The recent discussions have got me thinking and wondering about associations, emotional associations that is...
...I wondered if Hero, in his past, was asked to do new things which led to scary experiences for him, so that now, he is actually afraid if he doesn't know yet what he is being asked to do, or where it will lead.
It's interesting, and seems complex to figure out what motivates horses. They are definitely all different. The TB I was riding the other day, Nickel is conditioned heavily to respond to forward cues. So several times we stopped to look at scary things, and twice I felt his heart pounding so obviously he was afraid. Elk kept crossing our path or popping out of the bushes. But when he'd stop, I would give a squeeze with my legs, which apparently I am in the habit of doing this even though in my experience a "stalled out" horse is going to just stand there anyway.
What was disconcerting was that when I squeezed, Nickel would immediately start forward.

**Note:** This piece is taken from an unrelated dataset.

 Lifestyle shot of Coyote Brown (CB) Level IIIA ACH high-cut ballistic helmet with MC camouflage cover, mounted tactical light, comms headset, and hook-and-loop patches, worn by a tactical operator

Then I was like, "Hold on a minute, are you sure you're ready?" It made me realize I am always asking horses to go forward when they stop to look at scary things, but I don't actually expect them to continue on until they are in the right frame of mind. Nickel was going to obey, whether that meant he was ready to face the scary things or not! That is strange to me, and means I better be prepared myself if I am asking him to go, since he's going to rely on my judgment.
Something that makes Hero difficult to assess is that most of the time he does not seem afraid. I'm not just relying on other horses and their reactions to judge whether Hero is afraid, but on his own responses when he is afraid. When he is afraid, he has pretty normal responses such as head up, nostrils flaring, tense body/staring at what concerns him, unwillingness to move toward that object. This is in contrast to when I believe he is not afraid, but rather unhappy.
For example, he does not seem afraid to leave behind horses in the fields in order to walk away from them with me. If I lead him out, he'll be alert and want to go see what we are doing. If we go to graze, or do something interesting, he will have no concerns. But most of the time his more extreme reactions seem not related to fear, but to unhappiness or over-excitement (anxiety?). For example, if a horse picks up the canter on the beach and goes by him he will often buck. I don't think he is afraid, but he seems unhappy either that they are passing him in that manner or that he thinks they may run off faster than he can follow. To me that seems less like fear and more like unhappiness or anxiety.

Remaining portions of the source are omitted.